Additional multivariable analyses considered the presence or absence of two TET2MUT against TET2 VAF (i.e., sum of individual VAFs ≥55% vs. <55%; dominant allele frequency ≥55% vs. <55%), type of mutation (i.e., truncating vs. non-truncating; C-terminal vs. N-terminal), karyotype, and other mutations previously identified as being prognostically relevant in CMML, including TP53, BCOR, RUNX1, SETBP1, NRAS, ASXL1, PTPN11, U2AF1 and DNMT3A; the analysis confirmed the independent association of exactly two TET2MUT and significantly longer TCOS (p < 0.01); no additional prognostic contribution was noted for either TET2 VAF, modeled both as a summed or dominant metric, or type of mutation. However, while the prognostic relevance of two TET2MUT was sustained in the context of the BLAST (p < 0.01; HR 0.5) and CPSS-mol (p = 0.02; HR 0.7) risk models, it lost significance when accounting for the BLAST-mol risk model (p = 0.12). Our observations were largely similar in regard to BTFS (Supplementary Figs. 2 and 3).

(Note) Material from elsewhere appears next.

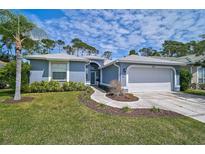 Charming single Gathering home featuring a well-manicured lawn, mature trees, and an attached two-car garage at 4146 Westbourne Cir, Sarasota, FL 34238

The observations from the current study illustrate the complexity of molecular prognostication in CMML. The long-standing impression of a survival advantage in CMML patients with TET2MUT might be influenced by a number of additional factors, including TET2 multihit status and its prognostic interaction with other mutations. The latter scenario is consistent with the observed loss of prognostic significance in the context of the BLAST-mol risk model, which accounts for prognostic interaction between mutations in CMML [10]. In other words, it is conceivable that the co-mutation pattern, rather than mutational structure or multihit status, dictates prognostic relevance associated with TET2MUT. Notwithstanding this caveat, we were able to illustrate the apparent prognostic benefit of exactly two, as opposed to one or ≥3 TET2MUT; this particular association persisted even after accounting for TET2MUT VAF and accompanying del(4q); variables effectively used in a similar study to operationalize “multi-hit” (biallelic) TET2 involvement [13].

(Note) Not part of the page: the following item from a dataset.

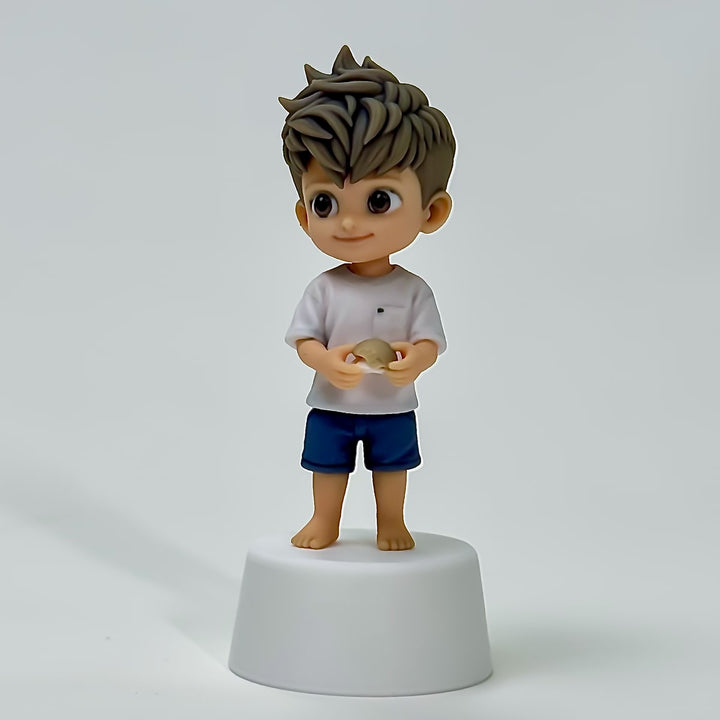 Close finished view of the barefoot child custom figure holding a seashell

A mechanistic explanation for this novel observation includes the possibility that TET2 mutational categories based on mutation count reflect distinct biological states rather than having a simple linear effect. In other words, different numbers of TET2MUT may place the disease into more or less stable biological states. Accordingly, patients with exactly two TET2MUT likely represent a relatively stable, functionally biallelic TET2-deficient state. In contrast, a single TET2 mutation may be biologically insufficient to exert this effect and, in our cohort, is more often accompanied by adverse co-mutations such as ASXL1 and SETBP1, which may dilute or override any favorable impact and potentially exclude the emergence of additional TET2MUT. At the other extreme, the presence of ≥3 TET2MUT may not reflect greater TET2 functional loss but rather increased clonal complexity. In this setting, multiple TET2 hits may serve as a marker of clonal instability or ongoing disease evolution, offsetting the favorable biology associated with a stable biallelic TET2 configuration. The persistence of this signal despite adjustment for established molecular and genetic risk factors supports its consideration in the development of future CMML prognostic models.